*DESCRIPTION OF THE TASK*. The full listing is to be returned exactly as given, but without pictures.

*RECORDED DATA*.
----

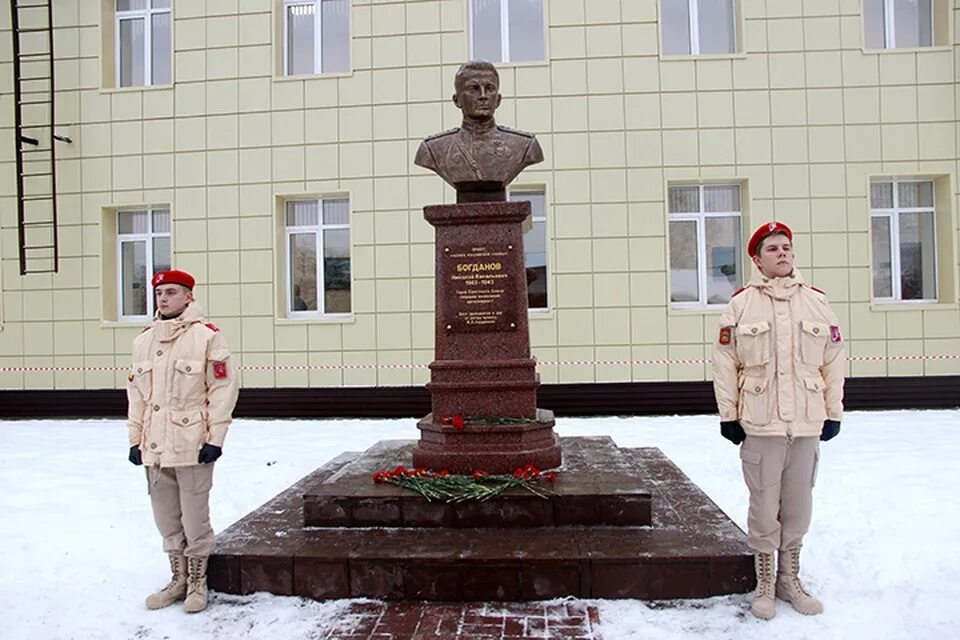 Школа 34 брянск. Памятник полковнику Богданову Брянск. Открыли бюст герою. Богданова а.а.памятник.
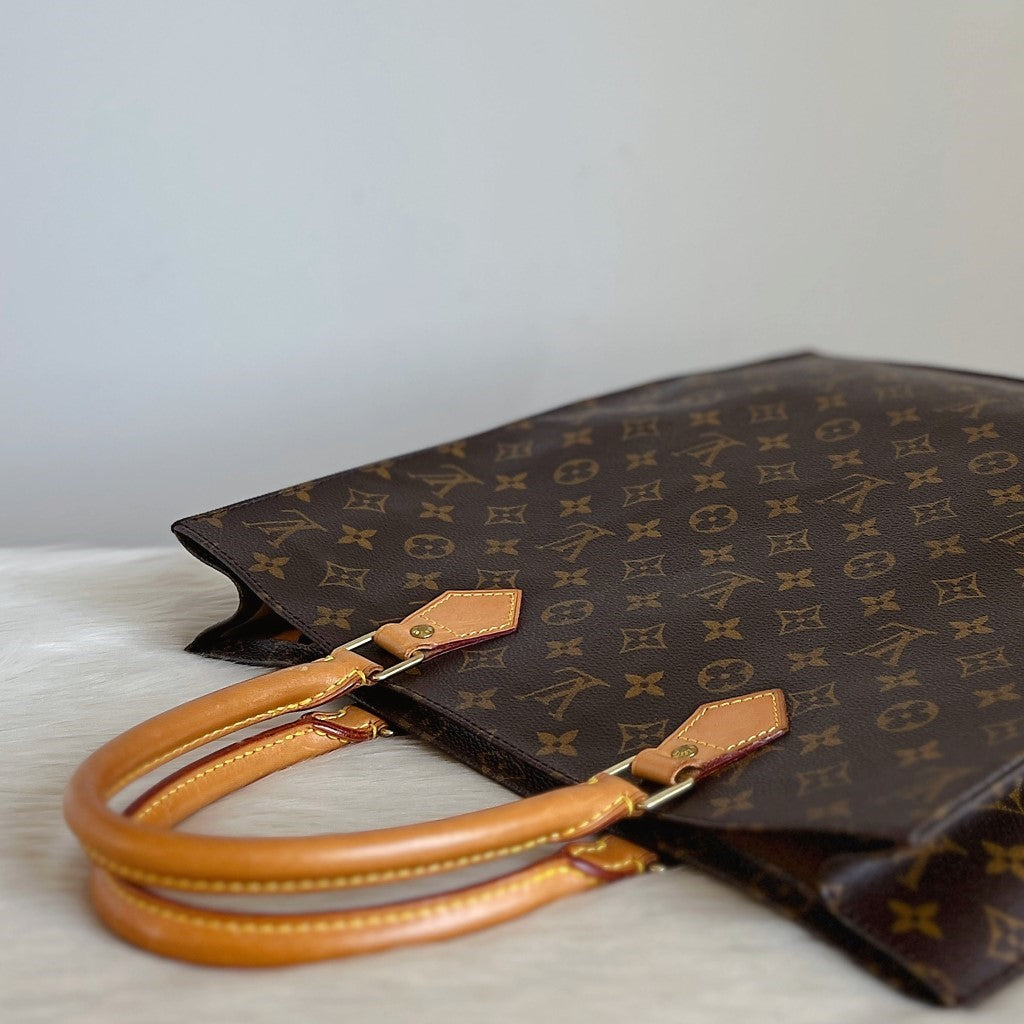 Louis Vuitton Signature Monogram Sac Plat Tote Bag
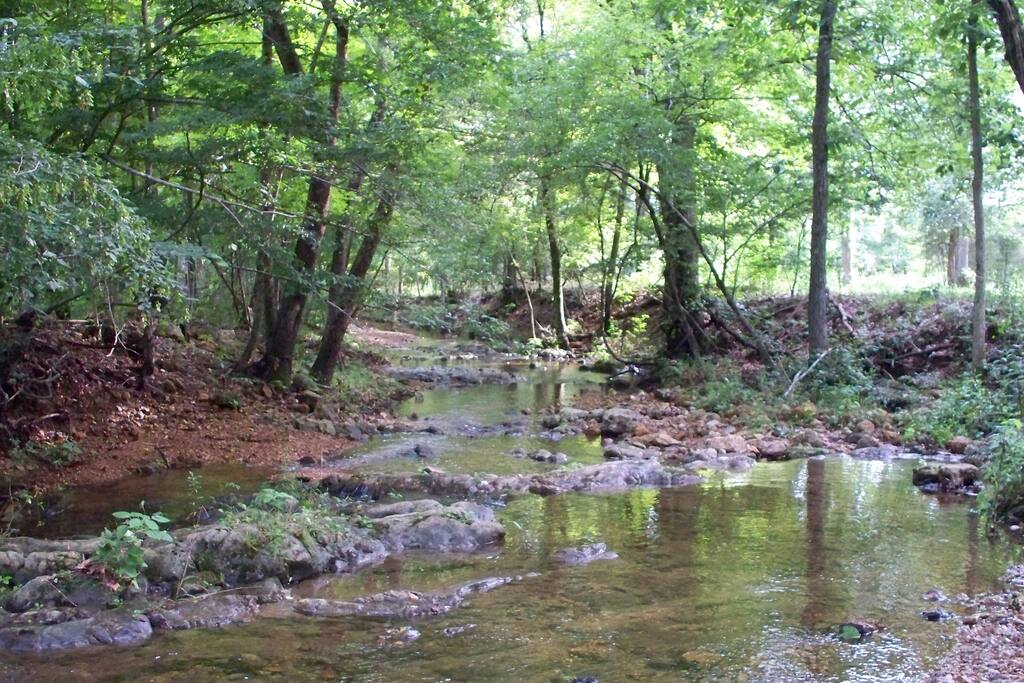 Rustic Cabin Near Doniphan, MO Cabins for Rent in Doniphan, Missouri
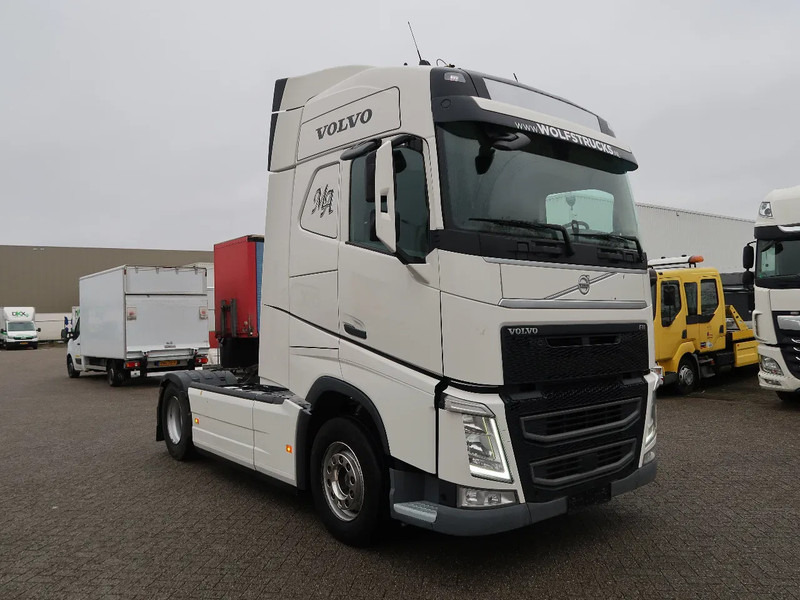Volvo FH 460 4x2, Globe, LA chass, 2 tanks, ACC, TOP! - Sadulveok: pilt 4 Volvo FH 460 4x2, Globe, LA chass, 2 tanks, ACC, TOP! - Sadulveok: pilt 4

----

*ANSWER TO THE EXERCISE*.
 Школа 34 брянск. Памятник полковнику Богданову Брянск. Открыли бюст герою. Богданова а.а.памятник.
 Louis Vuitton Signature Monogram Sac Plat Tote Bag
 Rustic Cabin Near Doniphan, MO Cabins for Rent in Doniphan, Missouri
Volvo FH 460 4x2, Globe, LA chass, 2 tanks, ACC, TOP! - Sadulveok: pilt 4 Volvo FH 460 4x2, Globe, LA chass, 2 tanks, ACC, TOP! - Sadulveok: pilt 4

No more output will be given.